■ **Work task**:
Begin with the line below holding "四金一银！山外大学子亮相第十五届山东省高校大学生跆拳道公开赛" and go on through the line holding "Fototapete - Morning", duplicating each line exactly and leaving out pictures.

───── Task inputs

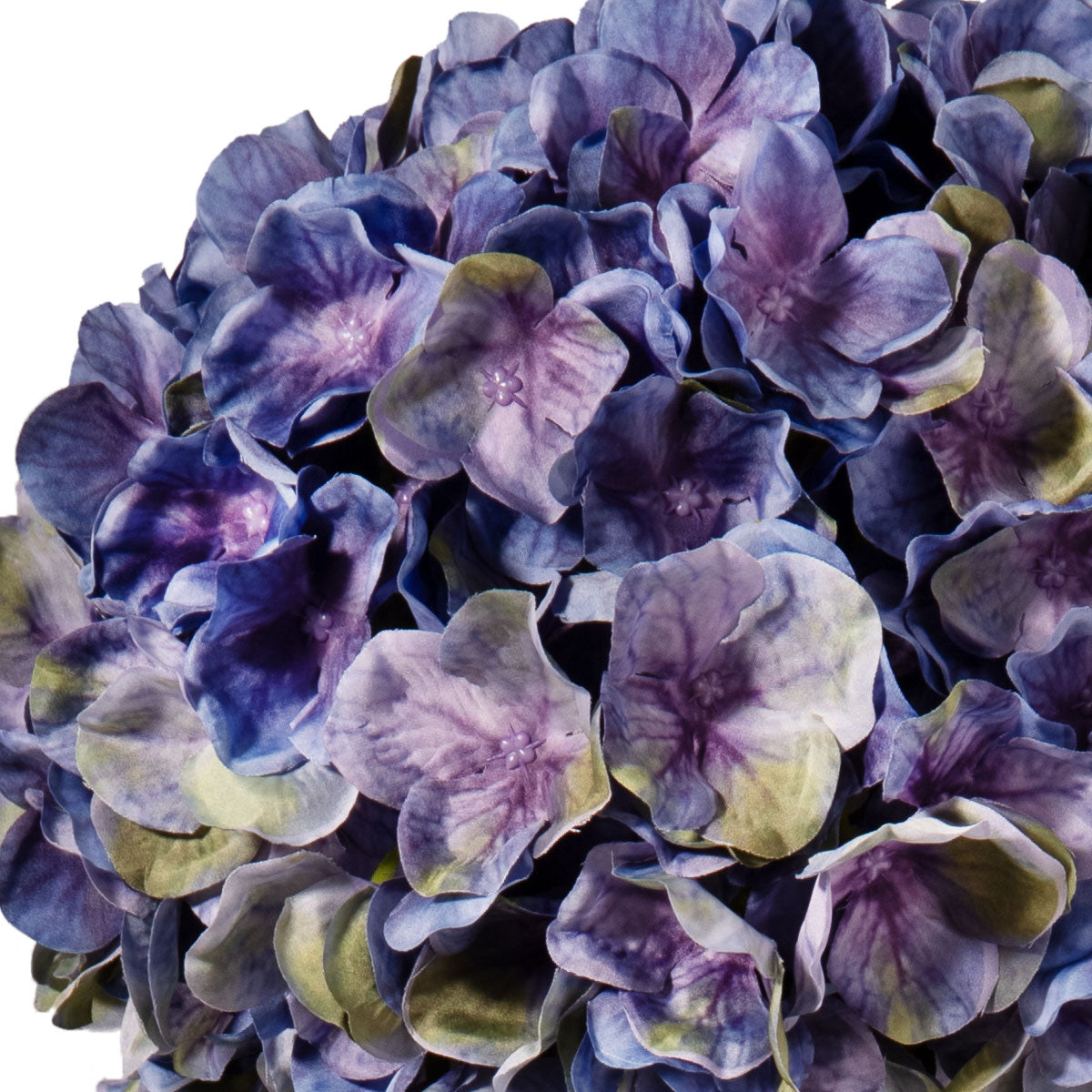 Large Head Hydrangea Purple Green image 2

──────────
───── Task inputs

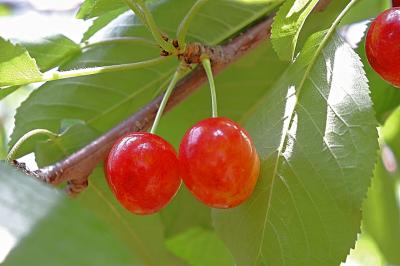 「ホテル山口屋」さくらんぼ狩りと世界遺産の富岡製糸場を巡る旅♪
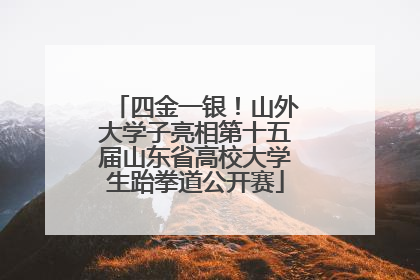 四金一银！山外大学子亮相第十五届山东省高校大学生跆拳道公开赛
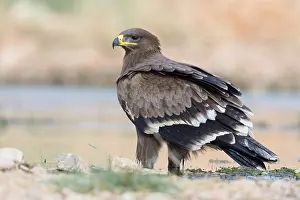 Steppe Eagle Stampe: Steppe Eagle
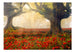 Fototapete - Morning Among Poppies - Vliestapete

──────────
───── Task inputs

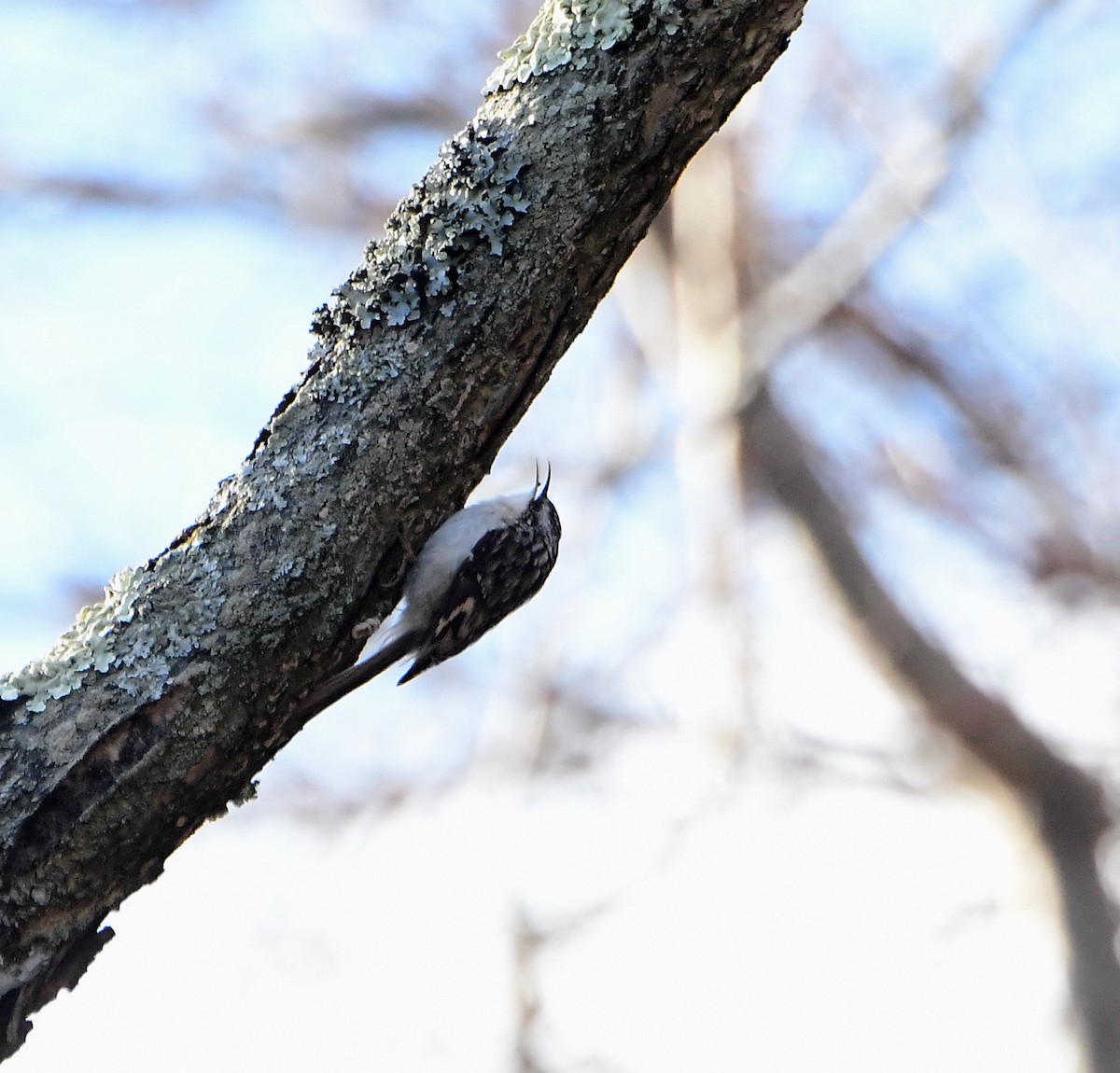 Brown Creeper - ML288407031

──────────

■ **Output of the task**:
 四金一银！山外大学子亮相第十五届山东省高校大学生跆拳道公开赛
 Steppe Eagle Stampe: Steppe Eagle
 Fototapete - Morning Among Poppies - Vliestapete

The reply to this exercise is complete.